SafeSlice is similar to a slice except it is safe for modification during range-based traversals.
This is achieved by guaranteeing that there are no changes made to allocations
of slices returned by previous calls to Get
. That is, only new calls to Get
will observe the elements added, removed, or swapped, to the array before that
call to Get
.
IMPORTANT: See the following examples for safe iteration.
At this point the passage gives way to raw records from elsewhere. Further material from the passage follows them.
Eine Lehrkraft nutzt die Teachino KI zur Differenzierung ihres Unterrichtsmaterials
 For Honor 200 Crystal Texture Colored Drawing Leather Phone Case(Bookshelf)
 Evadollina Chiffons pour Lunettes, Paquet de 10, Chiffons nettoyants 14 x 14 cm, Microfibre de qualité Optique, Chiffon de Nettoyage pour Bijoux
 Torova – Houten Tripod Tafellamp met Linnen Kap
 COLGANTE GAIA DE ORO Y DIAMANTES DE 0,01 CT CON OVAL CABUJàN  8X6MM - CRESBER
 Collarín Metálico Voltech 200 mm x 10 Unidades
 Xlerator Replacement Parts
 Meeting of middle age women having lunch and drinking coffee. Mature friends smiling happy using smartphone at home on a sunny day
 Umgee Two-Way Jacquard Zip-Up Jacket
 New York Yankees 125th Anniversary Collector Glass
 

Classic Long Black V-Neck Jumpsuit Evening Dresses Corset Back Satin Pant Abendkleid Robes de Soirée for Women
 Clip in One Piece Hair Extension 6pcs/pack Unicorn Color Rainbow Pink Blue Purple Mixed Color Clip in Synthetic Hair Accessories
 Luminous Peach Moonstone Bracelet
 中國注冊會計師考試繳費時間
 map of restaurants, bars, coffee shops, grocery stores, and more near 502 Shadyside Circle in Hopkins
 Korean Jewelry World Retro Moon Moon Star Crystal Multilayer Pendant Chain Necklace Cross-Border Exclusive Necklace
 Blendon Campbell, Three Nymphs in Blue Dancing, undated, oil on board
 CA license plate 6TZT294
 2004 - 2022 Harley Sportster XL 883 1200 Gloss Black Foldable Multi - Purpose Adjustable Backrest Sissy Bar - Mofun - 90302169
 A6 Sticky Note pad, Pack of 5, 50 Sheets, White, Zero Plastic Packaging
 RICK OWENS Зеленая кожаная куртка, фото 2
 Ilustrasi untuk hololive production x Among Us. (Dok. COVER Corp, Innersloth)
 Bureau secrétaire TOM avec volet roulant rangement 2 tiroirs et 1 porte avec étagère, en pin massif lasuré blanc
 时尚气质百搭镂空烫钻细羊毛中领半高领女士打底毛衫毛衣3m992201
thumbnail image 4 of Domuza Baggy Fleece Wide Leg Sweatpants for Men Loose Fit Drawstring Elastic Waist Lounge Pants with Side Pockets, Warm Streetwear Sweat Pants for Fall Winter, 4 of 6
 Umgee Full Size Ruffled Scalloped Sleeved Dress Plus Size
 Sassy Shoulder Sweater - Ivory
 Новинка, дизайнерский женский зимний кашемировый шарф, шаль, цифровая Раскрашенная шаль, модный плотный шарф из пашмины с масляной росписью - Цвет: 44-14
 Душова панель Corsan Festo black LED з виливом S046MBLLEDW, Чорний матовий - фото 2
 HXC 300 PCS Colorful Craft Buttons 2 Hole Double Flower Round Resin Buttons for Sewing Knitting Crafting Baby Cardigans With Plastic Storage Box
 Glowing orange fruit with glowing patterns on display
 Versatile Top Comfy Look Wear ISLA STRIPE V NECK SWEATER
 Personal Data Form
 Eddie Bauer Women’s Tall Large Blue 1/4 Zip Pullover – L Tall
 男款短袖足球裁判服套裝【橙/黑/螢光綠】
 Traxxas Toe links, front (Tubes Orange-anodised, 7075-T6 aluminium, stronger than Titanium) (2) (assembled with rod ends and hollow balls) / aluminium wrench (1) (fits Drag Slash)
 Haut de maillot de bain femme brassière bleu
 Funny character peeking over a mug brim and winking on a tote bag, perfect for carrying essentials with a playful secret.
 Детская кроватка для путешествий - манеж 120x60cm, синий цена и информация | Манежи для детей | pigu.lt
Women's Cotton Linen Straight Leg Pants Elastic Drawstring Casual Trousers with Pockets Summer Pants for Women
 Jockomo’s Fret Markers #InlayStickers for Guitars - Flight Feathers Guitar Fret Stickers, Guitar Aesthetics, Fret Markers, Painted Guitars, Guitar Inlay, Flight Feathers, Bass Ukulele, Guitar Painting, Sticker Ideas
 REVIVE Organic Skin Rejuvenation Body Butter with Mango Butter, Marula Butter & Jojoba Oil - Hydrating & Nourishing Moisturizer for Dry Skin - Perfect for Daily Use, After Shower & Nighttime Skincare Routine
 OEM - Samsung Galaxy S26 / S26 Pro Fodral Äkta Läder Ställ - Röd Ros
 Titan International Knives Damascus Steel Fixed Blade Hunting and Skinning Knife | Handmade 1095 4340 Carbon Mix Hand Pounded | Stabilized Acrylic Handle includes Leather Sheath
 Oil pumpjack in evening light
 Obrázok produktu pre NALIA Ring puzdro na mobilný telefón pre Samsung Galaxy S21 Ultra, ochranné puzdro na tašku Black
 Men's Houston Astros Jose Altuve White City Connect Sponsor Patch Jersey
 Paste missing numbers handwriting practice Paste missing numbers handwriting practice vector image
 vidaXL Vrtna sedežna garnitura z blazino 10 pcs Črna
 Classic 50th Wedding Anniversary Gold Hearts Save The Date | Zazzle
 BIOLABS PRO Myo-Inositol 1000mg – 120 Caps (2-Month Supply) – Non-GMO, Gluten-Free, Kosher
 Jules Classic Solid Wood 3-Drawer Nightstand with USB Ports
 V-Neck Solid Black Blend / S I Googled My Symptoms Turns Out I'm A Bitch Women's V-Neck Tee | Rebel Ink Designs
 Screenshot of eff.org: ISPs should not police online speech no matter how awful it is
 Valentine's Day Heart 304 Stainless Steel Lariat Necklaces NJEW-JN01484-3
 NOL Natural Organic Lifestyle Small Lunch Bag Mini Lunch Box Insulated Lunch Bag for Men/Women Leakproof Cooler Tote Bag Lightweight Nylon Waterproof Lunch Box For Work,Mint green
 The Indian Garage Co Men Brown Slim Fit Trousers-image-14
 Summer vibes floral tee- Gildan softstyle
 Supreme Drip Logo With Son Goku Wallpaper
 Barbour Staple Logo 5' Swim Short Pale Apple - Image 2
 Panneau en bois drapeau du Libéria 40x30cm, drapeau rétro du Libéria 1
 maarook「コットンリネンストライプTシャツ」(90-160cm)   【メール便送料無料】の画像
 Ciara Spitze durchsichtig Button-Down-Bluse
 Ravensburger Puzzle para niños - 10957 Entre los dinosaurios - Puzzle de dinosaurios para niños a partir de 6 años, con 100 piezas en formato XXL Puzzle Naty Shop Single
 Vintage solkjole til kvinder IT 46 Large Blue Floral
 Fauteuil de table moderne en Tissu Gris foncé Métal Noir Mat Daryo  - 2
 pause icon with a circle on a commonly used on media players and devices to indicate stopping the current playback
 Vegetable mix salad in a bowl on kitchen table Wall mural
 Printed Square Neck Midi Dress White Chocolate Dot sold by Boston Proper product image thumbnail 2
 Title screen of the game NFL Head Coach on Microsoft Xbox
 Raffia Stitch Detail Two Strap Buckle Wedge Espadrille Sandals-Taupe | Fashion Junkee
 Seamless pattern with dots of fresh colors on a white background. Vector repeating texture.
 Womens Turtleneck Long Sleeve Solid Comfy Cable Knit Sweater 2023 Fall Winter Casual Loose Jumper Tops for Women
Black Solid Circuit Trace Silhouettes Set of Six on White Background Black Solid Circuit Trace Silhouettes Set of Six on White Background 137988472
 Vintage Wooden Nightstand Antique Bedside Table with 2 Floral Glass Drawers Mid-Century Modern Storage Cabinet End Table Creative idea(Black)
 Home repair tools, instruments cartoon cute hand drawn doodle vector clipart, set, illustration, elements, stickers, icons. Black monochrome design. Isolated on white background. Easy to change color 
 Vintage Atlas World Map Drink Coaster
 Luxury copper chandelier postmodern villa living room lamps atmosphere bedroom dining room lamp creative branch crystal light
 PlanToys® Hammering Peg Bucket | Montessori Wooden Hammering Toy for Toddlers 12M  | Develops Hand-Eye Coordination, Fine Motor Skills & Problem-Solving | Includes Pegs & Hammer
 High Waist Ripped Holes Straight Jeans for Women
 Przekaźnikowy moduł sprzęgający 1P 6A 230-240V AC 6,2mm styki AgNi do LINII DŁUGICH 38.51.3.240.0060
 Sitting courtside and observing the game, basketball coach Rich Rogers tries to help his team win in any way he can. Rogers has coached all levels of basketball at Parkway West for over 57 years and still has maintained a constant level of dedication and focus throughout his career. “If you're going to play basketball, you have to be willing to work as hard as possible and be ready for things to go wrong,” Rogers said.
$ go get github.com/jabolopes/go-safeslice
You can use go get -u
to update the package. If you are using Go modules, you
can also just import the package and it will be automatically downloaded on the
first compilation.
The Go language guarantees that the expression passed to range
is evaluated
only once. Therefore, the following iteration makes a single call to Get
before the iteration begins. As such, the slice being traversed does not observe
the added / removed / swapped elements.
a := NewSafeSlice()
for _, x := range a.Get() {
a.Append(...) // SAFE
}
a := NewSafeSlice()
for _, x := range a.Get() {
a.Remove(0) // SAFE
}
The following while loop calls Get
multiple times, therefore the
length of the array is varying between the loops. While this is
correct, it's extremely inefficient because this is forcing a
"snapshot" of the array on each call to the pair (Get
, Remove
), so
don't do this.
a := NewSafeSlice()
for len(a.Get()) > 0 {
a.Remove(0) // INEFFICIENT; DON'T DO
}
The following iteration however is NOT safe because each call to
Get
observes the removed elements.
a := NewSafeSlice()
for i := 0; i < len(a.Get()); i++ {
a.Remove(i) // WRONG and UNSAFE
}
SafeSlice is not safe for concurrent use but it is safe for non-concurrent modification during traversal.